→ **WORK REQUEST**
Provide the number of lines below that include "Photo", without any other words.

→ **THE DATA**
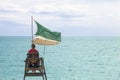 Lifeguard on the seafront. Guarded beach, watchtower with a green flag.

...

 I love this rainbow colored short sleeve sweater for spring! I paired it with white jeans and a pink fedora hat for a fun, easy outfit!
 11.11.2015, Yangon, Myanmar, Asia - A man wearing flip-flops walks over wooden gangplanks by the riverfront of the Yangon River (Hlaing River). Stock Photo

---

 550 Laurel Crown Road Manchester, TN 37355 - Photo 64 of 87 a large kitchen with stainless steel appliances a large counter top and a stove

→ **RESPONSE TO THE EXERCISE**
2